TRY IT
Write out every record below exactly, leaving the pictures out.

[Web page caption snippets]
#####

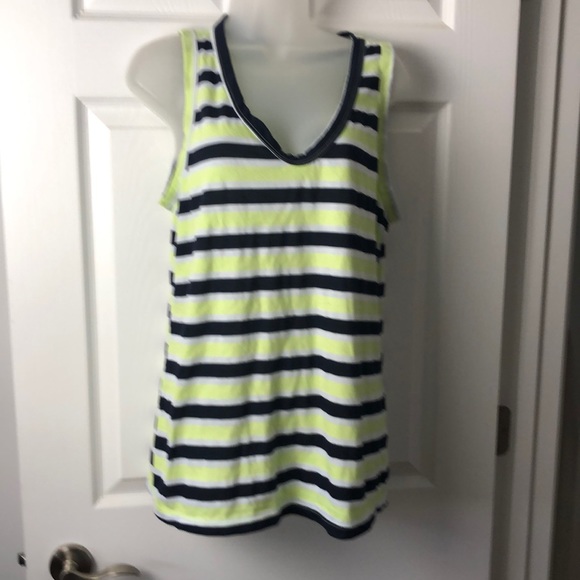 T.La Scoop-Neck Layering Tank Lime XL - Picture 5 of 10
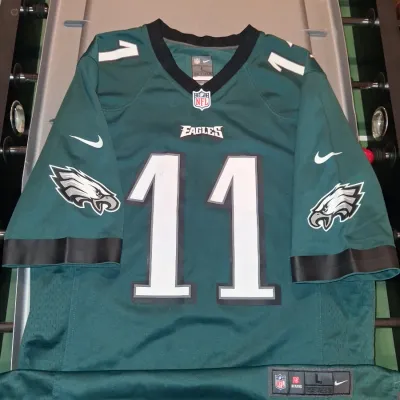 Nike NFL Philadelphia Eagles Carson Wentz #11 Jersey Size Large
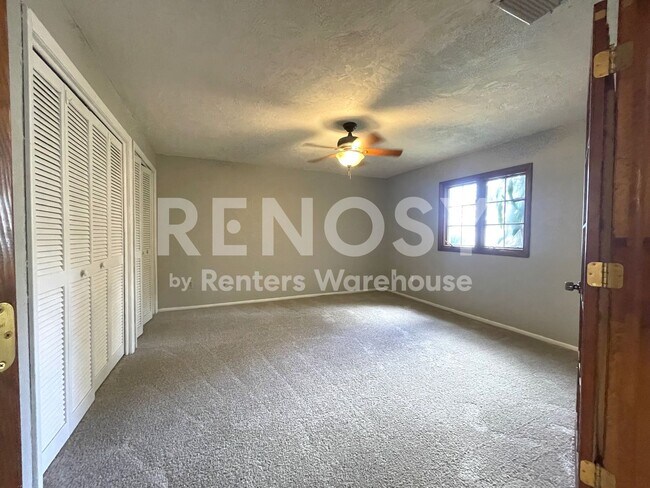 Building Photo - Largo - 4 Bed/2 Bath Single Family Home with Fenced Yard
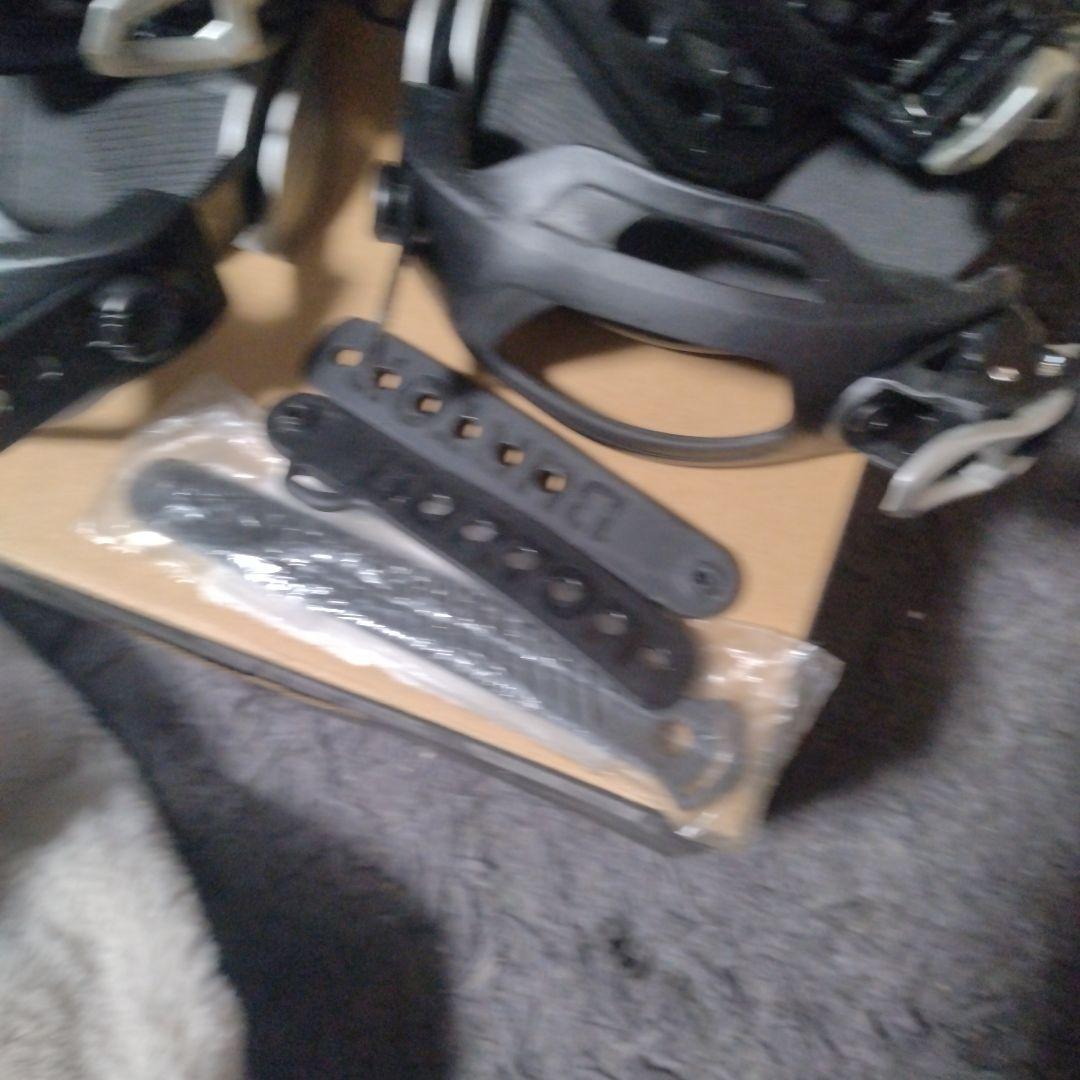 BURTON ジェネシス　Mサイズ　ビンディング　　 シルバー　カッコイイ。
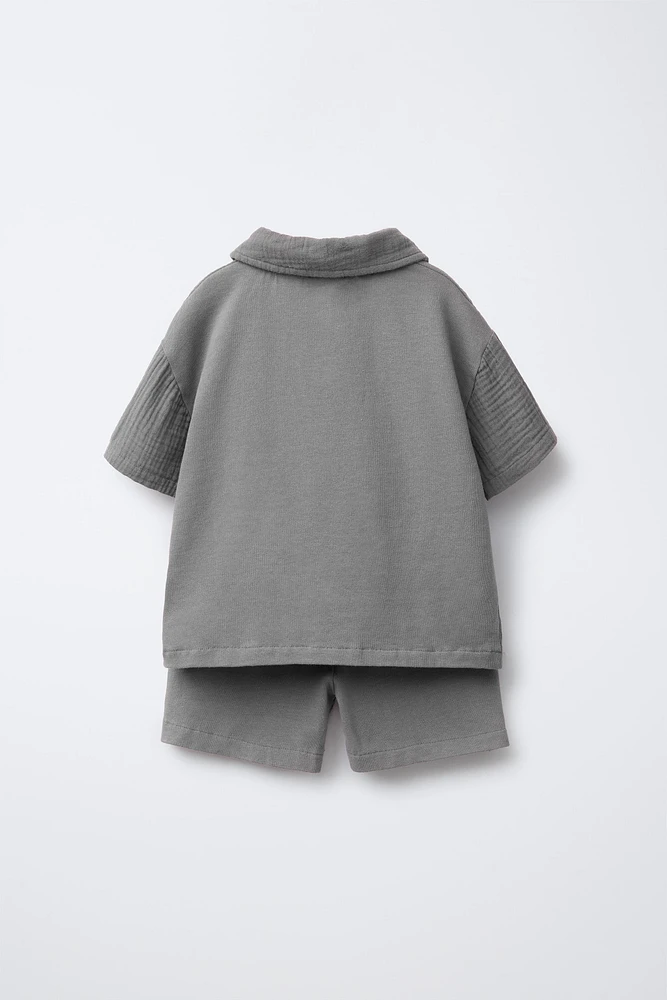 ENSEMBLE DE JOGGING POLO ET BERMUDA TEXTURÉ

#####

ANSWER SPACE
 T.La Scoop-Neck Layering Tank Lime XL - Picture 5 of 10
 Nike NFL Philadelphia Eagles Carson Wentz #11 Jersey Size Large
 Building Photo - Largo - 4 Bed/2 Bath Single Family Home with Fenced Yard
 BURTON ジェネシス　Mサイズ　ビンディング　　 シルバー　カッコイイ。
 ENSEMBLE DE JOGGING POLO ET BERMUDA TEXTURÉ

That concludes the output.